He knows he is hunted. He expects death at every turn.

But he doesn’t anticipate meeting Dr. Ligeia Obumbwe, a human biogeneticist desperate to protect her brother Finn, yet another victim of the endemic virus. When OnyxCorp promises to keep Finn safe in exchange for her work in their lunar lab, she accepts despite her increasing unease regarding the
Corporation’s motives.

Ligeia and Caen become unlikely partners in a dangerous quest to reach the Vine, the space elevator that is the first step in their journey to the moon.

What they find along the way could help them bring OnyxCorp to its knees…or destroy everything they love.




The woman isn’t dead. She’s sprawled across Paysandú Station’s cracked tile where she collapsed in a heap, the strike from the
electristic still sparking across her back. Her bag skids to a halt a half meter from the alcove where I cower. It could have been me. It should have been me. 

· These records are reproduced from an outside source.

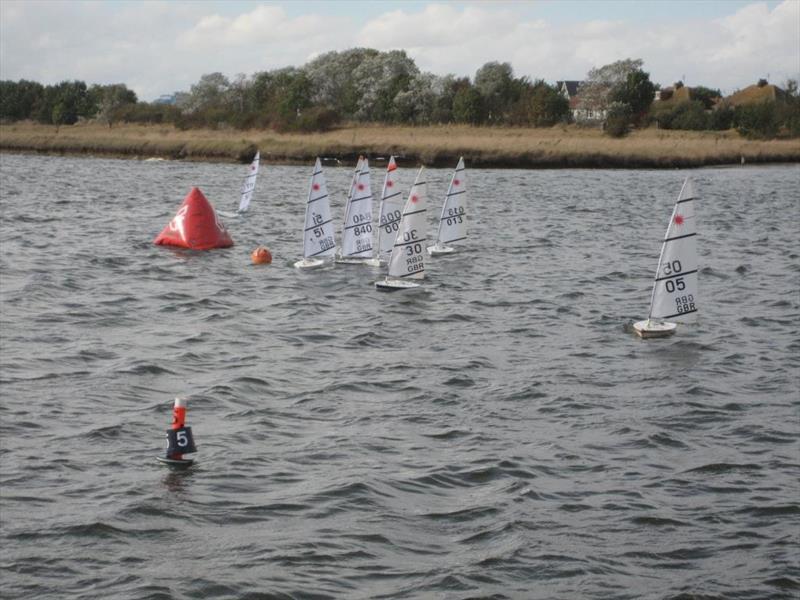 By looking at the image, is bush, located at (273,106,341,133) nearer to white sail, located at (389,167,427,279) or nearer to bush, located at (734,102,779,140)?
bush, located at (734,102,779,140)

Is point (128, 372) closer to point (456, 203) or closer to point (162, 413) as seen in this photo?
point (162, 413)

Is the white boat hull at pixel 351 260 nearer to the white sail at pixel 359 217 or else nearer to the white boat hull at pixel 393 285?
the white sail at pixel 359 217

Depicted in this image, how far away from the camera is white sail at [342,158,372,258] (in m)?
30.2

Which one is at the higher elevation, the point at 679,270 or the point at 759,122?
the point at 759,122

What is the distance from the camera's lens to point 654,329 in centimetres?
2322

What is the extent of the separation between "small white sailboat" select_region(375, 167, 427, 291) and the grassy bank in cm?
5546

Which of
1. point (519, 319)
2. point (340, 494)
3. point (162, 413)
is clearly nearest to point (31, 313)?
point (162, 413)

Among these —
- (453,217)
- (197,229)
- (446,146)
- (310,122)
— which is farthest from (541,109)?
(197,229)

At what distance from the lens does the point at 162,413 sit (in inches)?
668

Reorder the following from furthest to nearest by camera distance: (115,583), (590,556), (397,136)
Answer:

The station’s traffic flows around her, steps over her. A few humans give her a glance; the Dua try not to look. From the dank alcove, I
watch her waist rise, fall; her limbs twitch, then settle. The drone—round, silver—hovers several meters above her. Taunting.

Something dark careens across the cracked tile floor. A human male appears to have kicked the back of the woman’s head, hard. I step forward, my fists doubled. 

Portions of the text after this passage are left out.